#### [Your assignment]
Two lines below mark the span: the one containing "Ručno Tkani Tepih" and the one containing "Lens: Canon EF 50mm f/1.8 II". Set down both, plus every line between, exactly as they stand, and nothing else.

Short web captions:

Start of Block

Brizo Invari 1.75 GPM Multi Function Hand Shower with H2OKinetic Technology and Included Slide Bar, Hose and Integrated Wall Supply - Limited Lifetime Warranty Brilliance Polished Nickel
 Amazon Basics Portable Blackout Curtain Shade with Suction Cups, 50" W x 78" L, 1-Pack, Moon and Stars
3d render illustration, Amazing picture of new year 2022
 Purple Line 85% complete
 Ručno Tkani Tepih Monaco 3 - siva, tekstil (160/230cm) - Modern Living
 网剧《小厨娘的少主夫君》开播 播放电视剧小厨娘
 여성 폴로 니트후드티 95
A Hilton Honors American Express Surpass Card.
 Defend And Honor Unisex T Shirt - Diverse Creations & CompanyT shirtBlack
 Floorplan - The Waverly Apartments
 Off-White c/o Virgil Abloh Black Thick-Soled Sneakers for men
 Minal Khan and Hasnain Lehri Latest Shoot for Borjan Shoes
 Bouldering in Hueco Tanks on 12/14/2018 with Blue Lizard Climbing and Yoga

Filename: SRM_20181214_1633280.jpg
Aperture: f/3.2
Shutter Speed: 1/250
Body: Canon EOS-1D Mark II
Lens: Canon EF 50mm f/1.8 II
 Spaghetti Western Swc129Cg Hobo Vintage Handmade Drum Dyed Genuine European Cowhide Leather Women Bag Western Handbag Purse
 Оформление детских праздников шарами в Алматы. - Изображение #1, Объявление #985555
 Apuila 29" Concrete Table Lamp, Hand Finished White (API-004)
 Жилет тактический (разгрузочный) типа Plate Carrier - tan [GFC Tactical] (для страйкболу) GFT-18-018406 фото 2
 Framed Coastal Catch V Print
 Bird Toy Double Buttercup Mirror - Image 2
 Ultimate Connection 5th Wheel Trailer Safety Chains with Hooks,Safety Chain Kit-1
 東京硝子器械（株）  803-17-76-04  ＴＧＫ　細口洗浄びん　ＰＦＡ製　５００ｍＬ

End of Block

#### [Solution to the exercise]
 Ručno Tkani Tepih Monaco 3 - siva, tekstil (160/230cm) - Modern Living
 网剧《小厨娘的少主夫君》开播 播放电视剧小厨娘
 여성 폴로 니트후드티 95
A Hilton Honors American Express Surpass Card.
 Defend And Honor Unisex T Shirt - Diverse Creations & CompanyT shirtBlack
 Floorplan - The Waverly Apartments
 Off-White c/o Virgil Abloh Black Thick-Soled Sneakers for men
 Minal Khan and Hasnain Lehri Latest Shoot for Borjan Shoes
 Bouldering in Hueco Tanks on 12/14/2018 with Blue Lizard Climbing and Yoga

Filename: SRM_20181214_1633280.jpg
Aperture: f/3.2
Shutter Speed: 1/250
Body: Canon EOS-1D Mark II
Lens: Canon EF 50mm f/1.8 II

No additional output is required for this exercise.